Like why, why should people have to type so much? And it's also not like the best way, uh,
it's not, it's not the, it's not necessary. Uh, and it's also just not the best way to capture
information all the time. It's not the most efficient interface. So like, for example, let's say
I was trying to plan a trip or buy a plane ticket. And it's like trying to figure out where my,
what, when a date picker is a great interface, why would I type something? Um, you know what I
mean? So it's just, there, there are plenty of things that are solved that we don't need to throw
away. And so what Copilot does is it, when it tries to figure out what you want and maybe help you get
drilled down a little bit more and it will use, it has the ability to decide to use different
interfaces, uh, to more efficiently, uh, extract information from you. So sometimes it'll radio
inputs. So, yeah, that is so cool.
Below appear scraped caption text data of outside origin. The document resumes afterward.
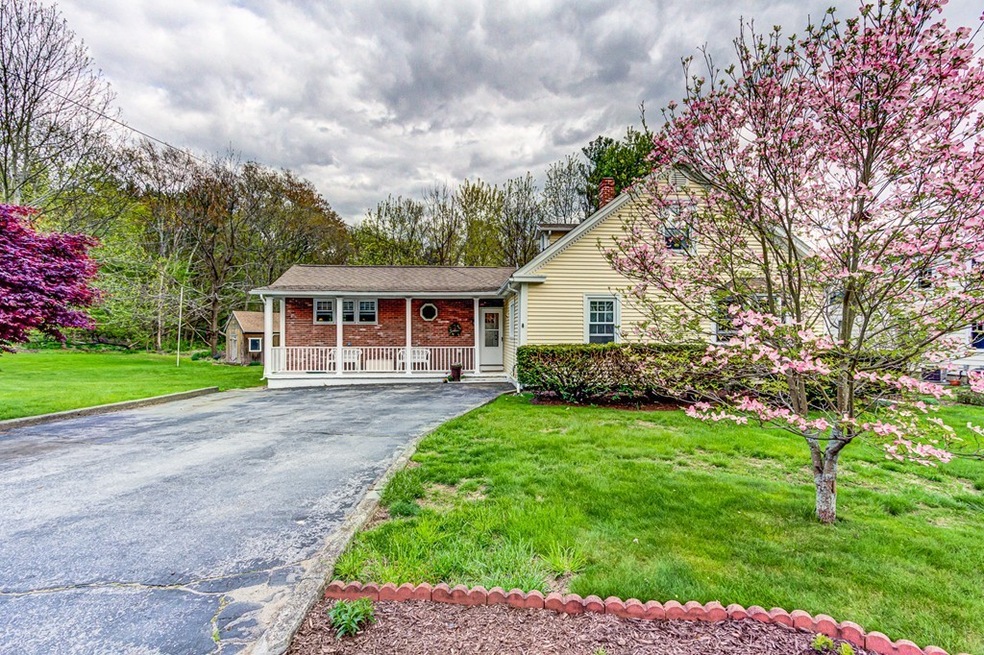 18 Wards Ln, Northbridge, MA 01534 - photo 1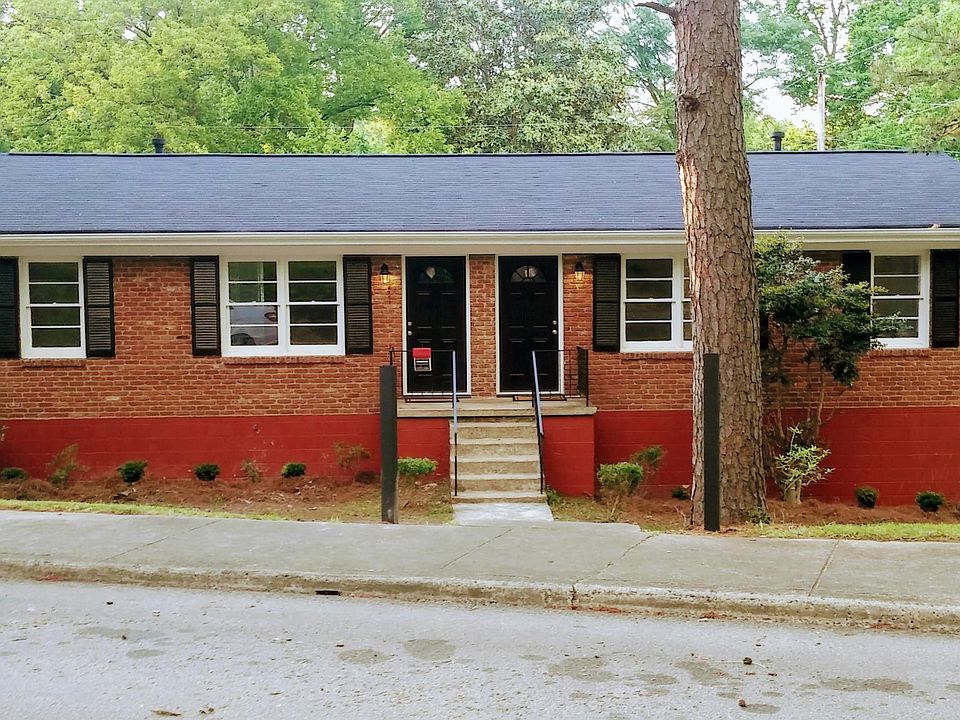 Terrific renovated brick 2bd/1ba duplex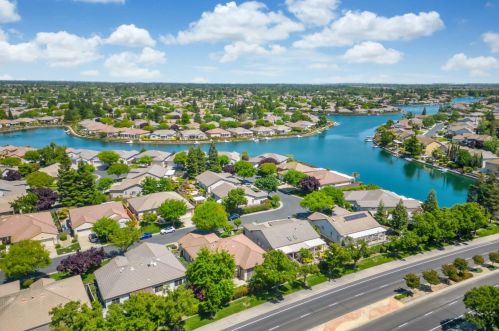 9493 Emerald Cove Ln, Elk Grove CA  95758-3612 exterior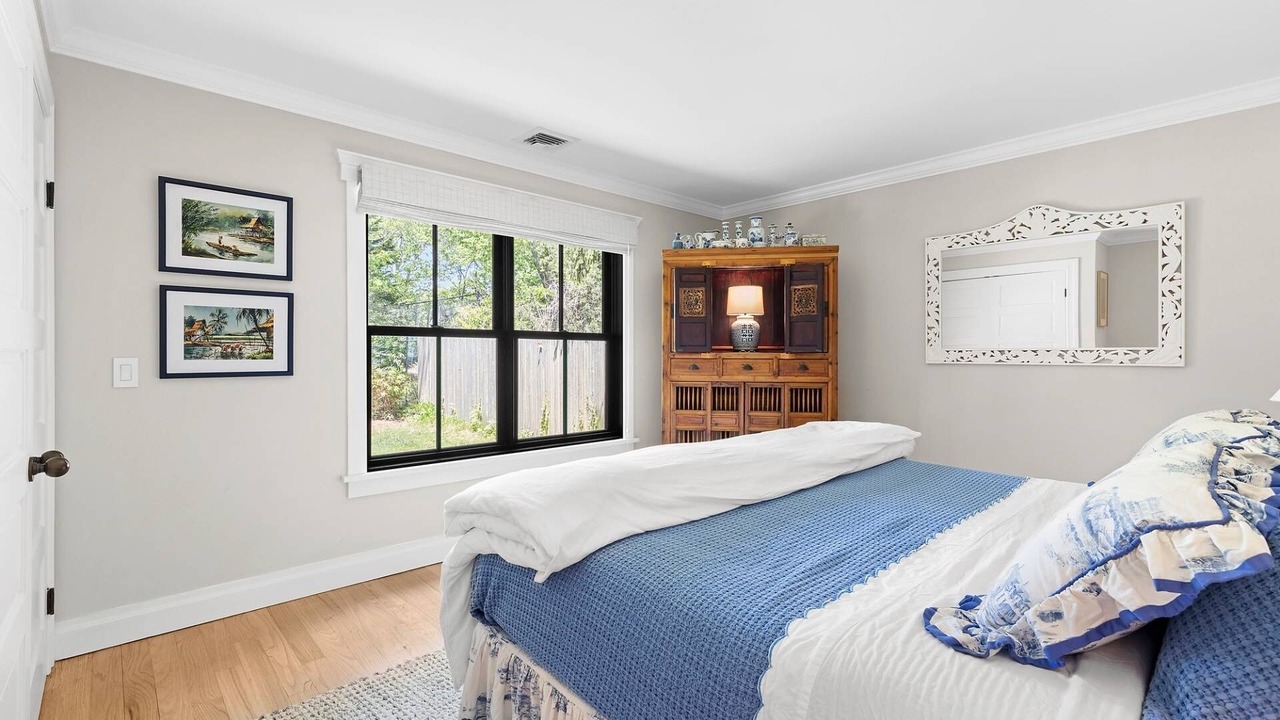 Photo of Bedroom in Westhampton Beach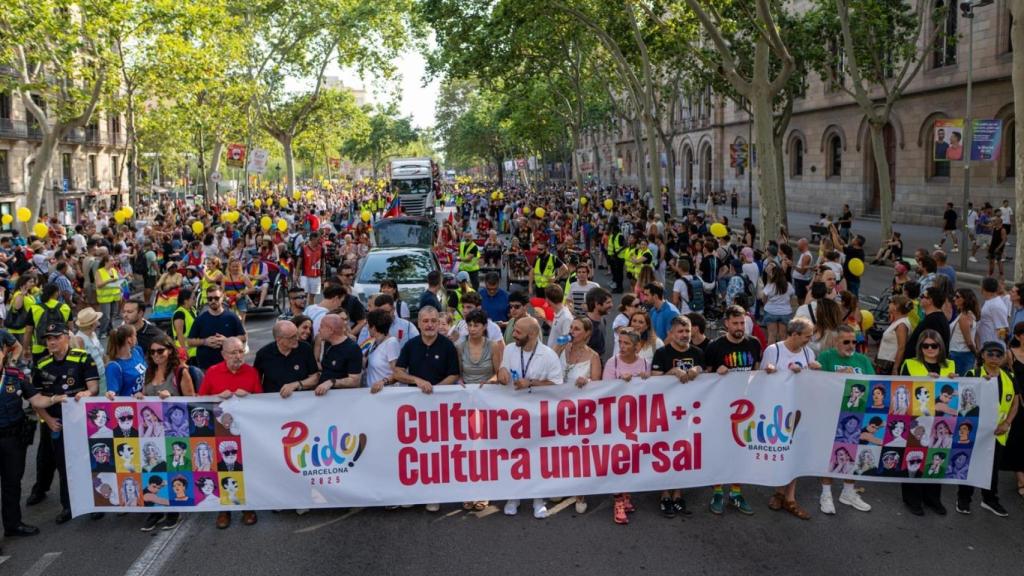 Manifestación del Pride Barcelona con Collboni, Menor, Redondo y Urtasun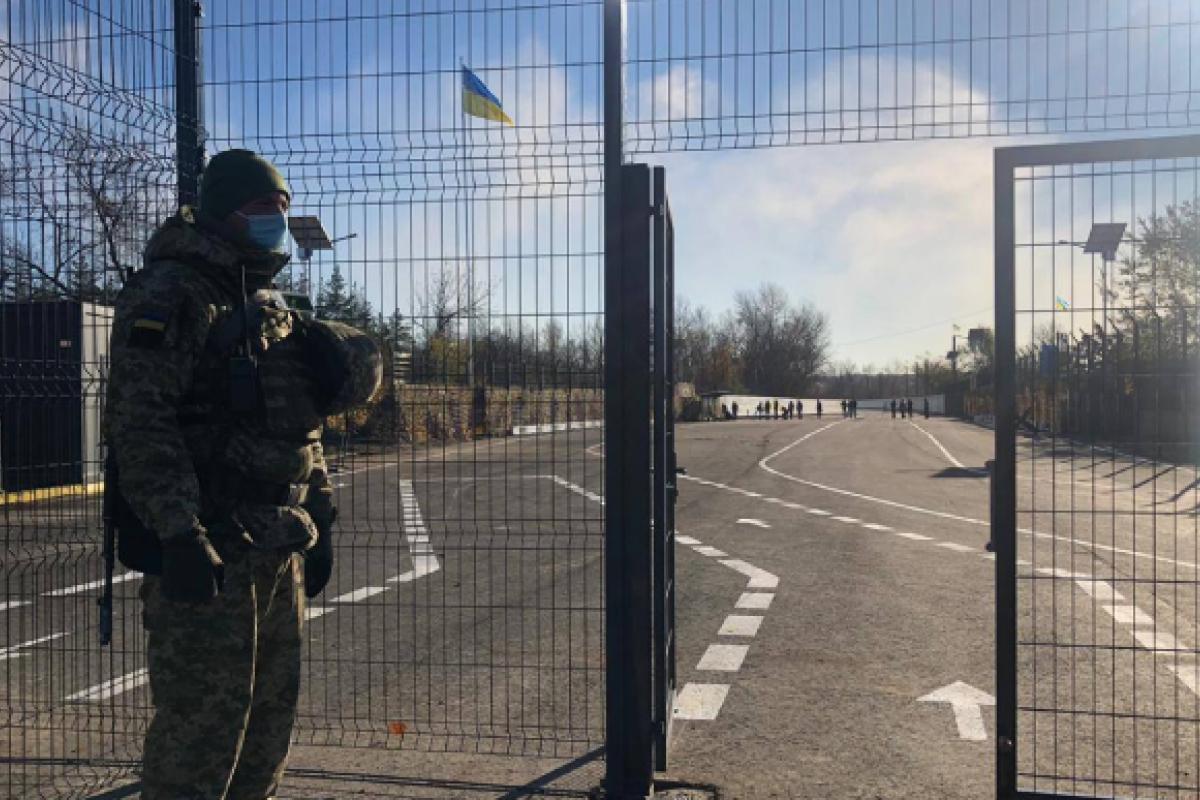КППВ на Донбасі та адмінкордоні з Кримом працюватимуть у штатному режимі під час посиленого карантину КППВ на Донбасі та адмінкордоні з Кримом працюватимуть у штатному режимі під час посиленого карантину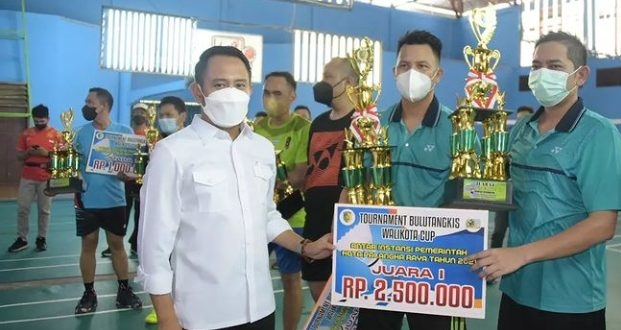 Wali Kota Palangka Raya, Fairid Naparin saat menyerahkan piala juara dalam Tournament Bulutangkis Wali Kota Cup 2021.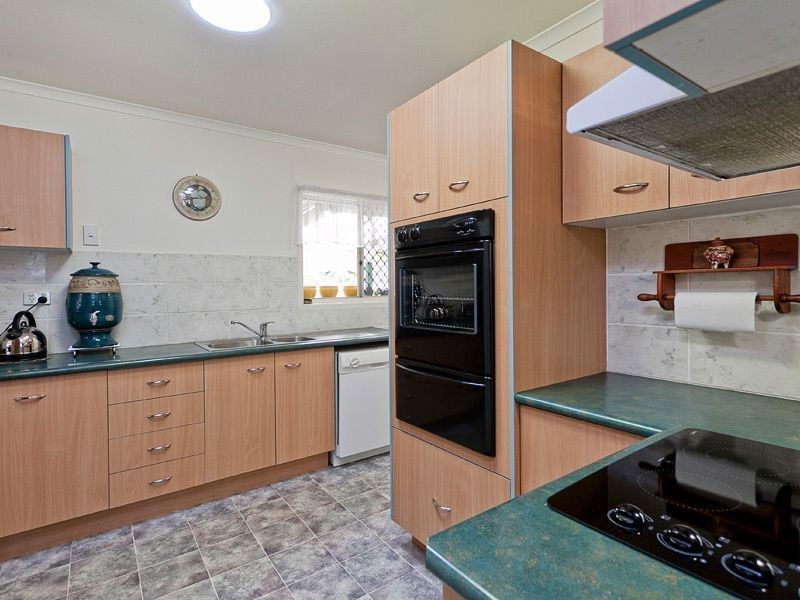 15 McCubbins Street, Everton Park QLD 4053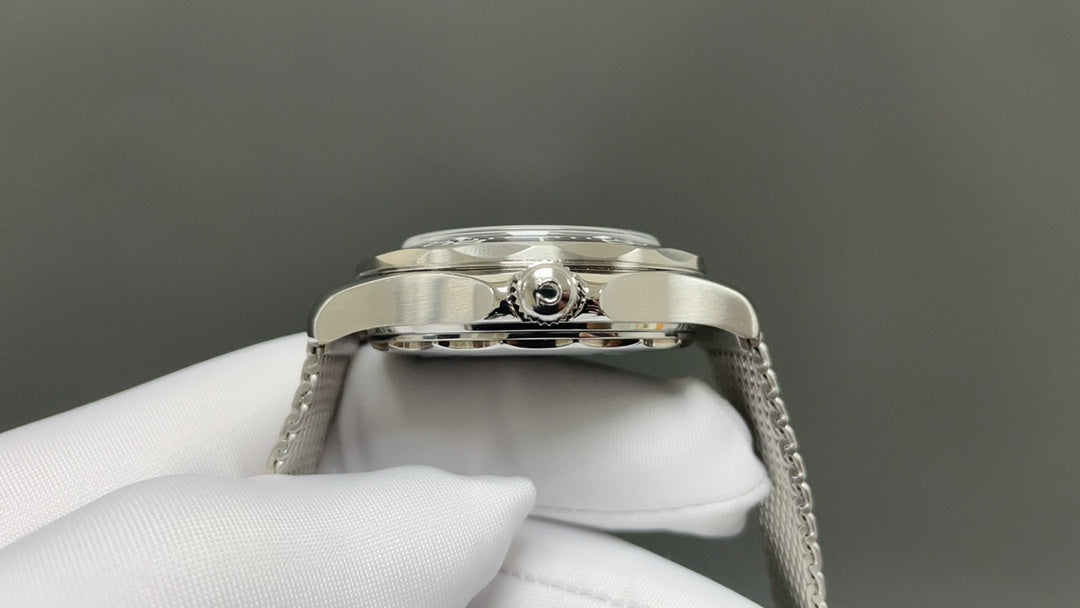 Top Version-210.30.42.20.01.018- Black Silver - 904L Steel - Automatic - 42mm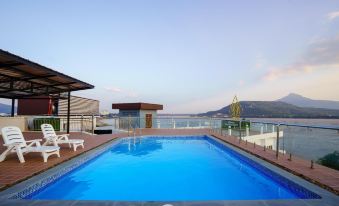 Intouch Riverside Hotel - Housity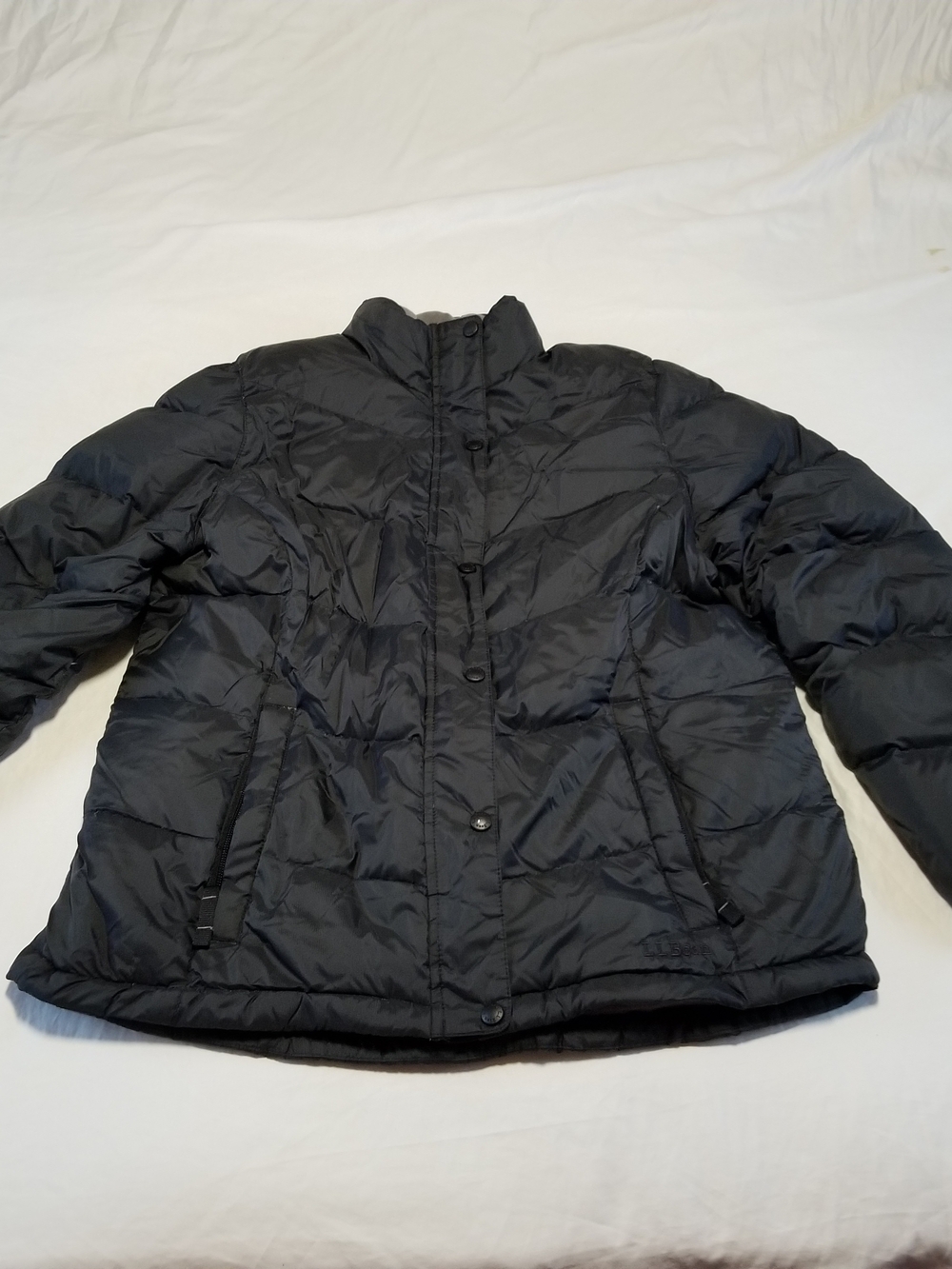 L.L. Bean Women Size Large Goose Down Black Puffer Jacket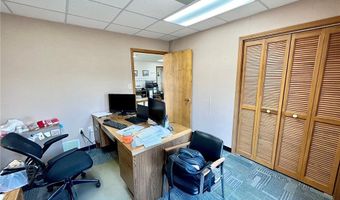 944 Lake Ave, Ashtabula, OH 44004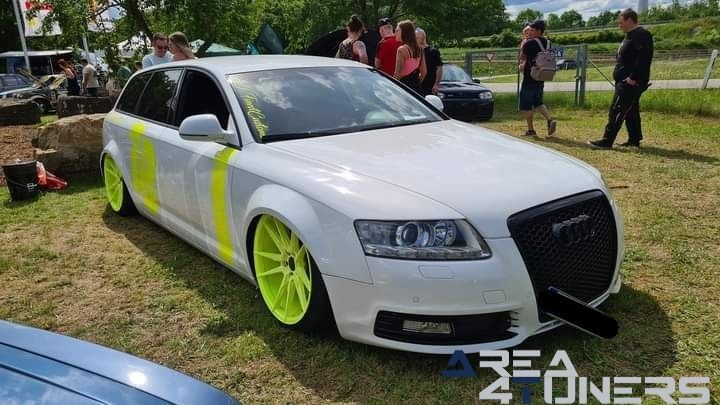 Tuning Day Gollhofen
Imagen del reportaje de la revista Tuning Area4tuners.es, de la concentración de coches Tuning del año 2024 en Gollhofen, Alemania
And it's just like a small, a small step in that direction,
but like, I I'm really excited to see where as, as you know, a UX and design field where we can take
that and like where, where that ends up. Like it does, as you said, opens up the ability to on the fly
design interfaces that are better suited to the individual. And I'm thinking about something you
mentioned earlier, Henry, that, uh, perplexity can tailor the response based on your experience and
your knowledge, which is not something I had, I had thought of or tested or ever realized about
perplexity. So that's awesome. And that's another thing that makes me really excited for the future
of information seeking because that's always been a challenge we've seen in research where,
you know, we have somebody who has a PhD in oceanography, he's searching for something.
He's seeing a lot of stuff that's meant for middle schoolers. Um, and I, I'm also thinking
about like, these are some of the major challenges that UX and design has faced for as long as I have
been in this field, which is coming up on 15 years. And it's, it's exciting to think about
a future where we can actually tailor the UI to individuals.
Yeah. And I love what you said earlier there, Henry, you're kind of taking small pieces from
everywhere. Right. And Henry, you said, we see something in a video game. We take something
from there. We see, we know radio buttons, so we know other UI elements and you kind of just combine
it and mix it together in a novel way on a new playing field. Right. Yeah. But I think that's
probably the best way to make new tools usable because then people are already familiar with it
and already figured out and have used them hundreds of times. So they already know how to use it. And
then it's just the kind of the mental model of your, your tool to understand that, but they don't have
to understand the UI like a hundred percent or they, they already know most of it. So they don't
have to fully relearn it. Right. Absolutely. But with that, how do you think you can further help
people to actually understand like how to even get better in using these AI tools? Because I've always
seen these like long lists of how to write a prompt, how to write the best for, I don't know how to
build a sauna, right. Or, or something else. And you said the first step is maybe having your AI
platform already asking, like, can you give me some more information, but what's maybe the next step
after that? Yeah. Well, I think I kind of, I kind of treat it as a normal consumer cold start type of
problem. Um, I mean with, with prompting, I think prompting is like the worst software experience
ever. Uh, I mean, if you've ever tried to generate images, it's, it's awful as an experience,
but the payoff's amazing. Right. So people do it, but we're, it's just, we're in a small
blip of software experience where this is even going to be a thing. I just, there's no way it
survives. Like when we actually, we have image generation on our product, but it's just a button.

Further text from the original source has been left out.